- _Task item_: Only the lines from the one with "Govee Smart Recessed" to the end of the data below should be returned, each exactly as it stands.

┄┄┄┄┄┄┄┄┄┄┄┄┄┄┄┄┄┄┄┄

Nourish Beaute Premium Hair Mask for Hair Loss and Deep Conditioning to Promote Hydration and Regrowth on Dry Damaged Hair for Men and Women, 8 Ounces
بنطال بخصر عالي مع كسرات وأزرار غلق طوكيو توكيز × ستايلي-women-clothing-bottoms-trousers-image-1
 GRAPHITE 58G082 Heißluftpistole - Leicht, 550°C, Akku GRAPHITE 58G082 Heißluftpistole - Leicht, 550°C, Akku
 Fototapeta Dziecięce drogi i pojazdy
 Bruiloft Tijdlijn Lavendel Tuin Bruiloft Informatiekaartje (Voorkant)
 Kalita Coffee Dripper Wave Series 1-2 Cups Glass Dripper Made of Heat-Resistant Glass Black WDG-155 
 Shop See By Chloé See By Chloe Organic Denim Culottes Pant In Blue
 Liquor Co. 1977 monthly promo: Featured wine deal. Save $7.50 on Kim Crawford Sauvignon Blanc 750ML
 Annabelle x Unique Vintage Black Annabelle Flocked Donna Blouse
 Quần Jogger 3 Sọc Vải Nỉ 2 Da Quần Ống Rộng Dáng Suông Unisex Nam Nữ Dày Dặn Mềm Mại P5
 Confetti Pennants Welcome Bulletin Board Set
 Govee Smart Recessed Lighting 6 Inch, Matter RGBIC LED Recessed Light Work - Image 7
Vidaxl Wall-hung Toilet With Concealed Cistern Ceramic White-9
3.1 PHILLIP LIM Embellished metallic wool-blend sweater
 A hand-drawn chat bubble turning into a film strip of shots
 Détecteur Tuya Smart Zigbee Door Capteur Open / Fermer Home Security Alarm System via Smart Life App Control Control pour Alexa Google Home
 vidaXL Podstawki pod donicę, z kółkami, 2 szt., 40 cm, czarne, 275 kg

┄┄┄┄┄┄┄┄┄┄┄┄┄┄┄┄┄┄┄┄

- _The answer_:
 Govee Smart Recessed Lighting 6 Inch, Matter RGBIC LED Recessed Light Work - Image 7
Vidaxl Wall-hung Toilet With Concealed Cistern Ceramic White-9
3.1 PHILLIP LIM Embellished metallic wool-blend sweater
 A hand-drawn chat bubble turning into a film strip of shots
 Détecteur Tuya Smart Zigbee Door Capteur Open / Fermer Home Security Alarm System via Smart Life App Control Control pour Alexa Google Home
 vidaXL Podstawki pod donicę, z kółkami, 2 szt., 40 cm, czarne, 275 kg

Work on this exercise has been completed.